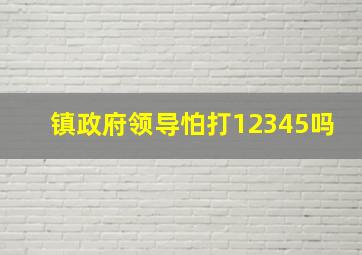 镇政府领导怕打12345吗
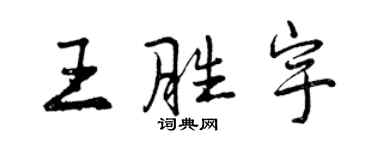 曾庆福王胜宇行书个性签名怎么写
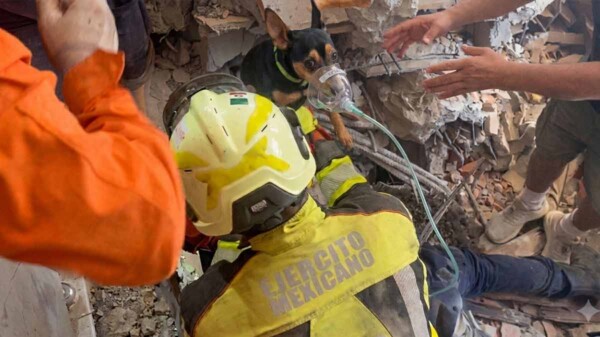 Ejército Mexicano rescata con vida a perrita atrapada tras sismo en Venezuela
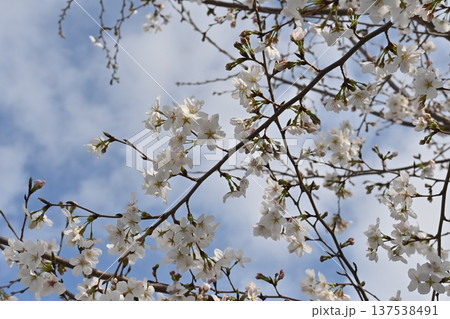 春の日差しを浴びて輝く満開の桜 春の日差しを浴びて輝く満開の桜 137538491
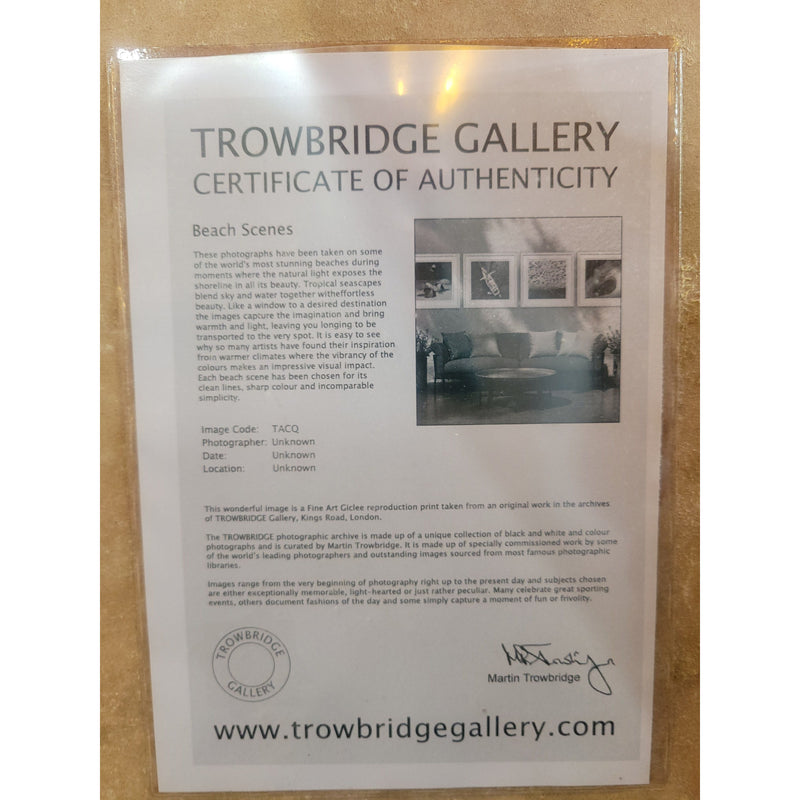 Framed Surfboards Giclee Photography Print by Trowbridge Gallery London - AS IS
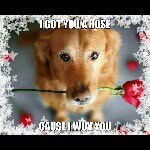 Profile Picture of ravenbray (@ravenbray) on Instagram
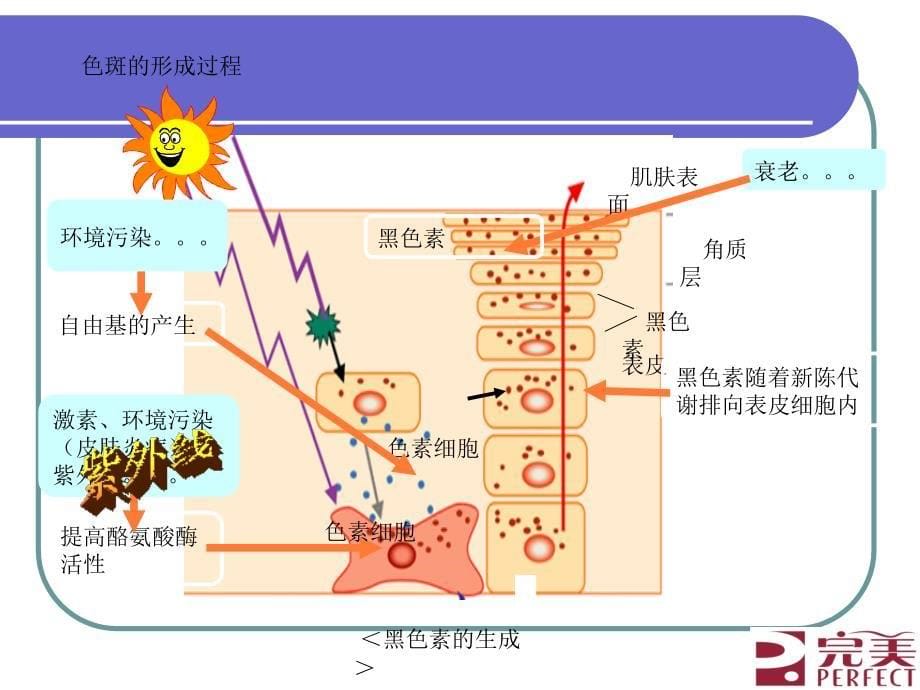 美白皮肤常识篇_第5页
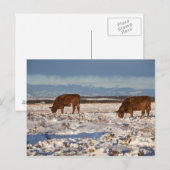 カルガリー，アルバータ，カナダ2 ポストカード (正面/裏面)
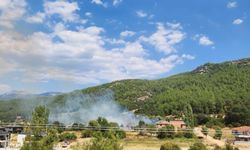 Menteşe'de otluk alanda yangın
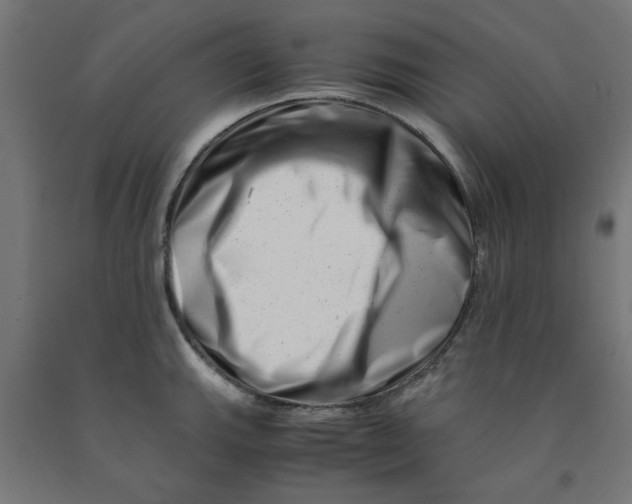 X0000090881143200708241935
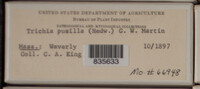 Image Associated With the Occurence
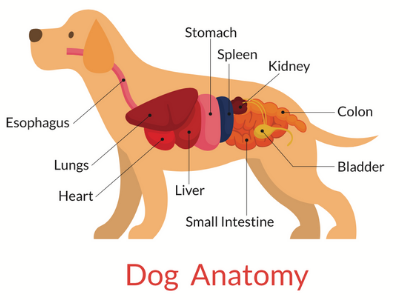 where is a dogs colon located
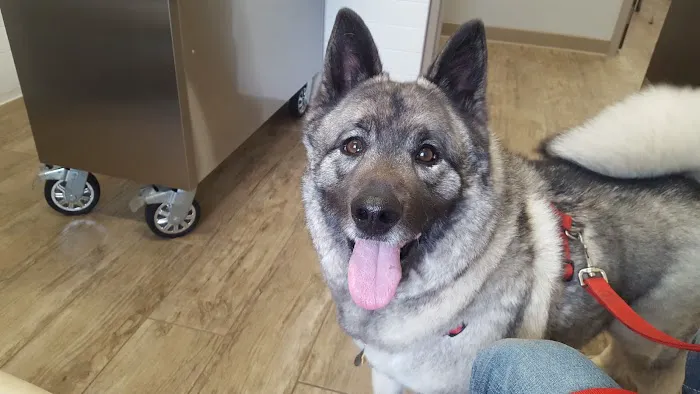 Skadron Animal Hospital 12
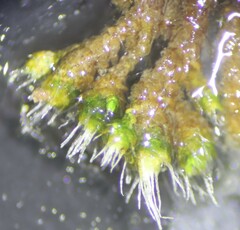 Jaffueliobryum wrightii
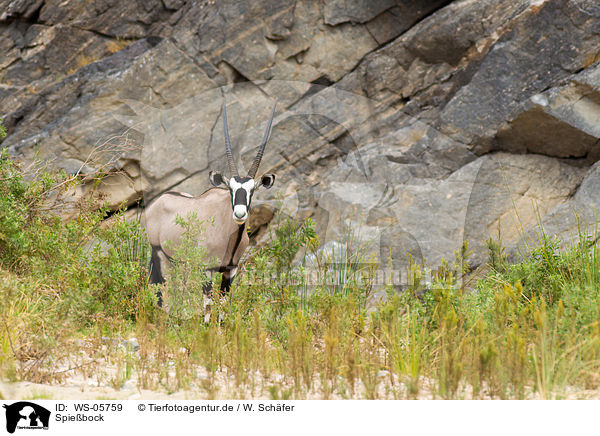 Spiebock / gemsbok / WS-05759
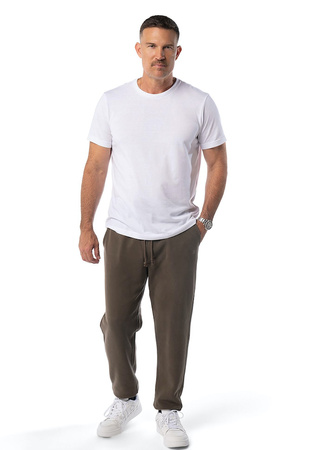 Spodnie sportowe PIT BULL SMALL LOGO HD taupe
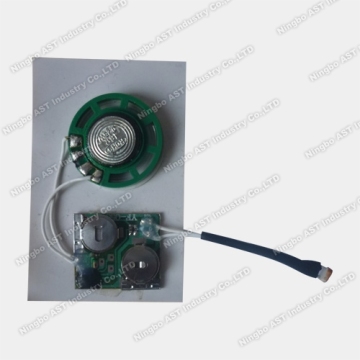 Sound Chip for Newspaper, Light Sensor Module, Sound Chip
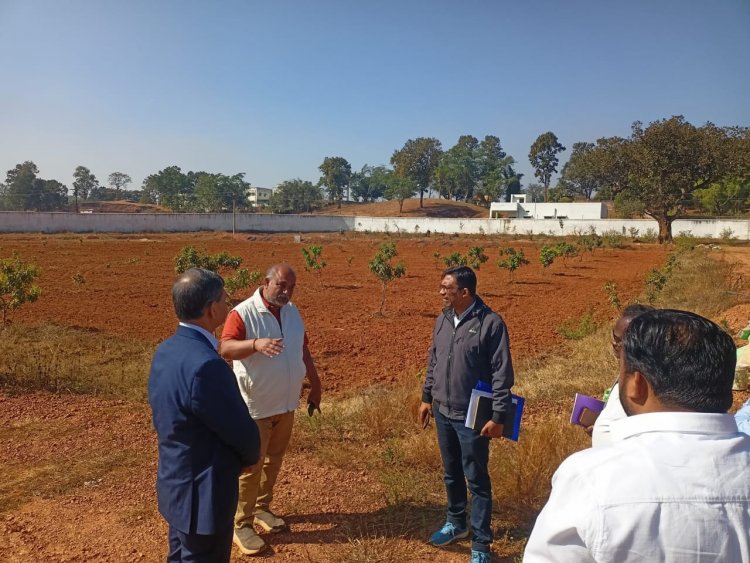 जशपुर में उद्यानिकी क्रांति: केंद्रीय नोडल अधिकारी श्री बी. के. प्रुस्ती ने सराहे नवाचार, स्ट्रॉबेरी और ऑयल पाम बने किसानों की नई ताकत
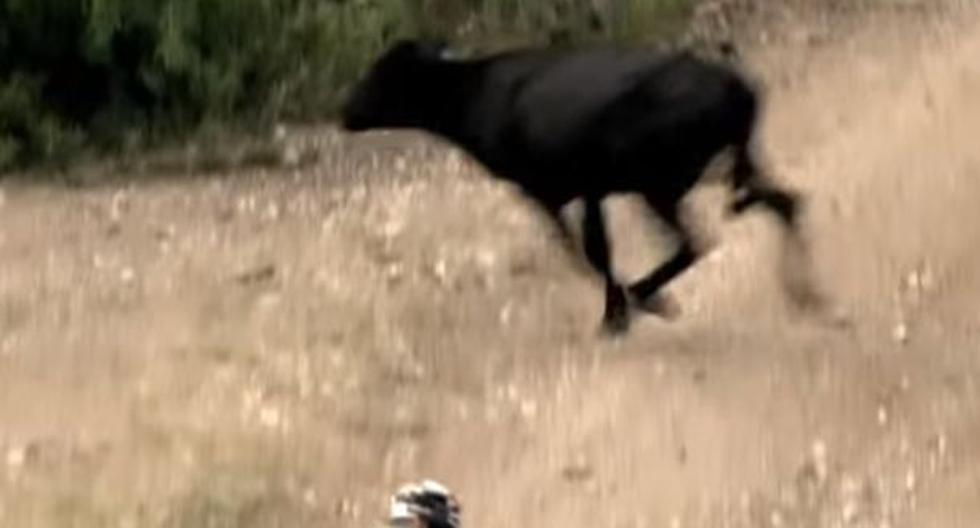 Helder Rodrígues frenó con su moto para no impactar a la vaca que se cruzó en el Rally Dakar. (Foto: Captura YouTube)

++++

# About this exercise
Repeat the data exactly as written, but without the pictures.

# Result
 镇政府领导怕打12345吗
 曾庆福王胜宇行书个性签名怎么写
 Ejército Mexicano rescata con vida a perrita atrapada tras sismo en Venezuela
 春の日差しを浴びて輝く満開の桜 春の日差しを浴びて輝く満開の桜 137538491
 Framed Surfboards Giclee Photography Print by Trowbridge Gallery London - AS IS
 Profile Picture of ravenbray (@ravenbray) on Instagram
 美白皮肤常识篇_第5页
 カルガリー，アルバータ，カナダ2 ポストカード (正面/裏面)
 Menteşe'de otluk alanda yangın
 X0000090881143200708241935
 Image Associated With the Occurence
 where is a dogs colon located
 Skadron Animal Hospital 12
 Jaffueliobryum wrightii
 Spiebock / gemsbok / WS-05759
 Spodnie sportowe PIT BULL SMALL LOGO HD taupe
 Sound Chip for Newspaper, Light Sensor Module, Sound Chip
 जशपुर में उद्यानिकी क्रांति: केंद्रीय नोडल अधिकारी श्री बी. के. प्रुस्ती ने सराहे नवाचार, स्ट्रॉबेरी और ऑयल पाम बने किसानों की नई ताकत
 Helder Rodrígues frenó con su moto para no impactar a la vaca que se cruzó en el Rally Dakar. (Foto: Captura YouTube)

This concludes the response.